The http_states[] table is a kind of "site map" for the entire application that parse_http_request() uses to move the client through pages in the appropriate order. From another perspective, http_states[] is a state machine that drives the behavior of the proxy in response to user events encoded in state_id values. Whatever your interpretation, it should be clear that a state-driven proxy architecture makes it far easier to manage applications with a lot of pages than anything else I've shown you so far.

10. But can't I do all of this with CGI?

Yes and no. The examples shown here include portions of web server functionality that most CGI applications don't have, in particular the ability to receive HTTP requests from an IP port via bind(), accept(), and read(). As such, our proxies can run on machines that lack a web server, which would be the case for most of your client's PCs.

On the other hand, a CGI-based approach makes sense when you need a proxy that can run on different kinds of hosts, or there is the possibility that the proxy will run on a host that is already running a web server. In the event that you produce a CGI proxy but a web server isn't available, the example proxy in this article can serve as a minimal web server that forwards HTTP to the proxy via an exec or similar system call.

A CGI-style proxy also has the advantage of being able to replace calls to write() et al with printf() and family, because the application's standard input and output streams are automatically bound to the TCP/IP socket used by the browser. There is no reason that the examples shown in this article could not be modified to do the same thing, by modifying the stdio file descriptors in main() before calling parse_html_request().

11. Disadvantages of proxies

HTTP proxies are a simple and powerful way to get a legacy product onto the Internet, but they do have their limitations. To begin with, the proxy must be properly installed and running somewhere before communication with the target system is possible. In contrast, for targets with integrated Ethernet and HTTP/TCP/IP capabilities, the user only needs to plug in a cable and type in a URL.

A standalone proxy also does nothing to assure that the target interfaces it uses are properly maintained. A compiled-in HTTP server, in contrast, will likely produce compilation or link errors if a function it needs is accidentally removed from a new version of the target's application.

Finally, successful proxies require some knowledge of the host's networking and other APIs, which may present problems for developers with no skills in this area.

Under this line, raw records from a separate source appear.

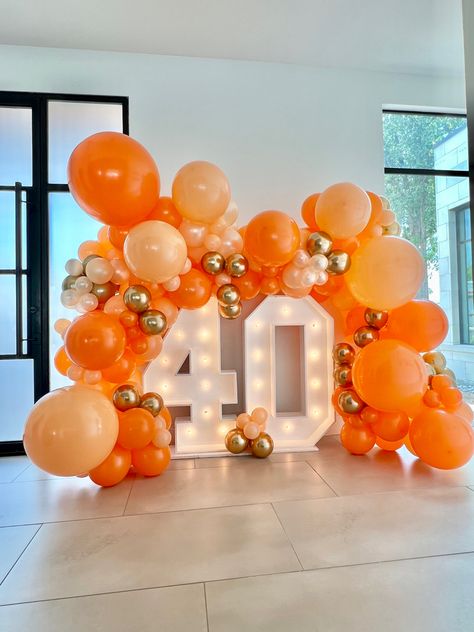 Orange Decorations Party Birthday, 50 Shades Of Orange Party Ideas, Orange And Yellow Party Decorations, Orange Prom Decorations, Birthday Color Themes For Women, Orange Theme Birthday Party, Orange Birthday Decorations, Orange Color Party, Orange Party Theme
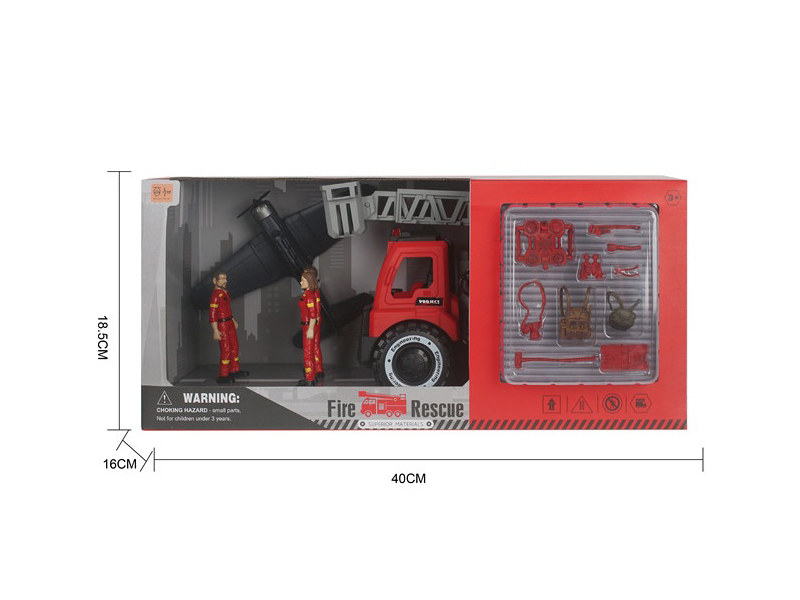 A Mixed Set Of Two Items: Sliding Fire Engine, Character, Aircraft And Accessories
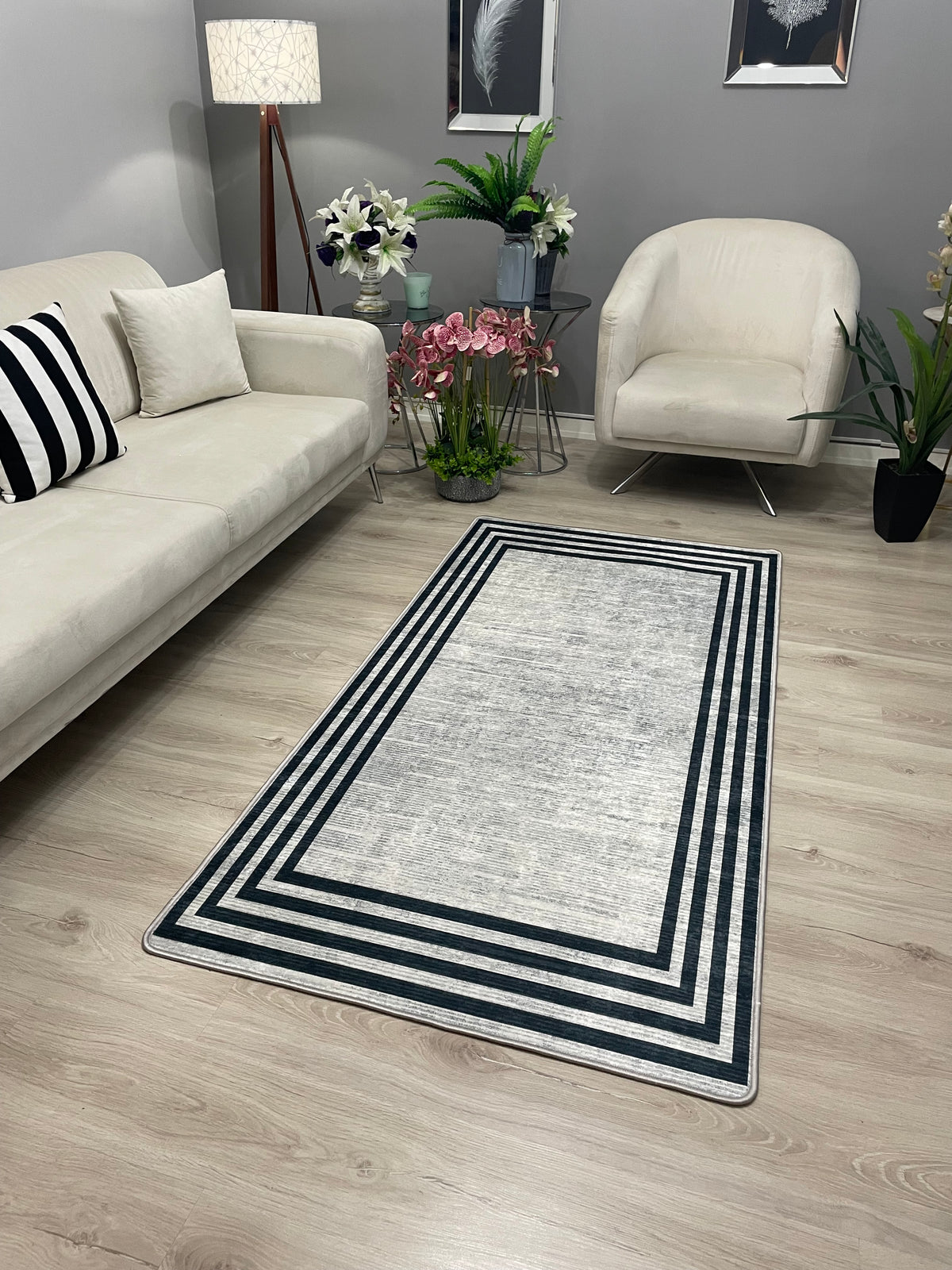 VALERİA - Kaymaz Deri Taban Makinede Yıkanabilir Salon Oturma Odası Mutfak Halısı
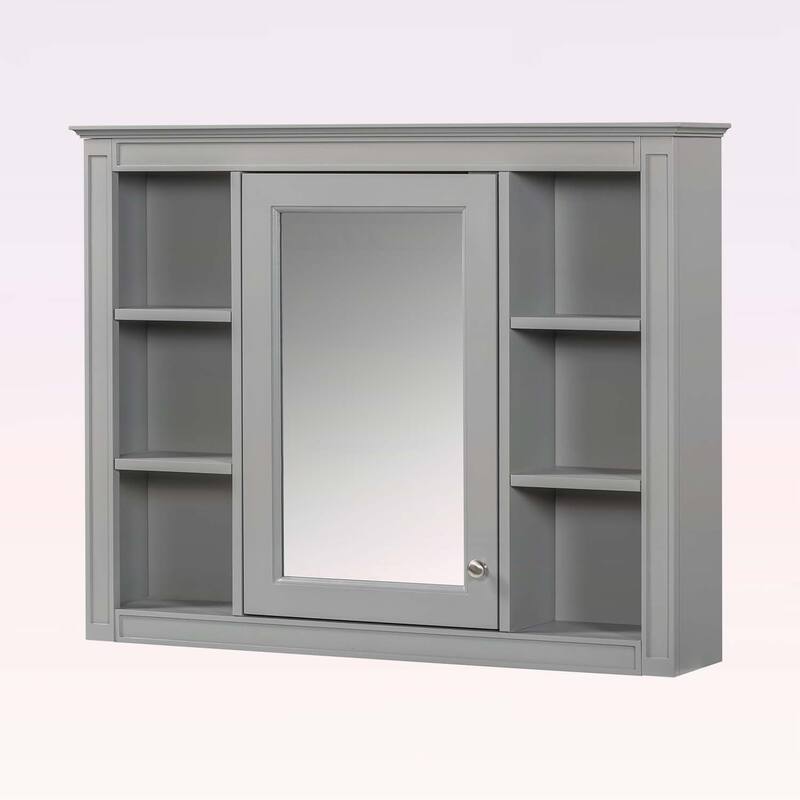Wall-Mounted Bathroom Storage Cabinet with Mirror,6 Open Shelves,Modern and Space-Efficient Design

I consider this an item of minimal concern, however, given the number of excellent TCP/IP and other networking books available in the mainstream press today.

12. Flexibility and frugality

When you need to get a legacy system talking to the Internet, a proxy is probably the best way to go about it. In addition to their simplicity, proxies offer flexibility and frugality that's tough to match using any other approach.

HTTP proxies are not difficult to implement, and they don't require modification of target software. As a result, the Internet appliances your customers want tomorrow could very well be the devices you are already building today.

13. Resources

Gundavaram, Shishir. CGI Programming on the World Wide Web. This book is only available on-line now, at www.oreilly.com/openbook/cgi.

Guelich, Scott, Shishir Gundavaram, and Gunther, Birznieks. CGI Programming with Perl, 2nd ed. This book will be published by O'Reilly Associates in July 2000.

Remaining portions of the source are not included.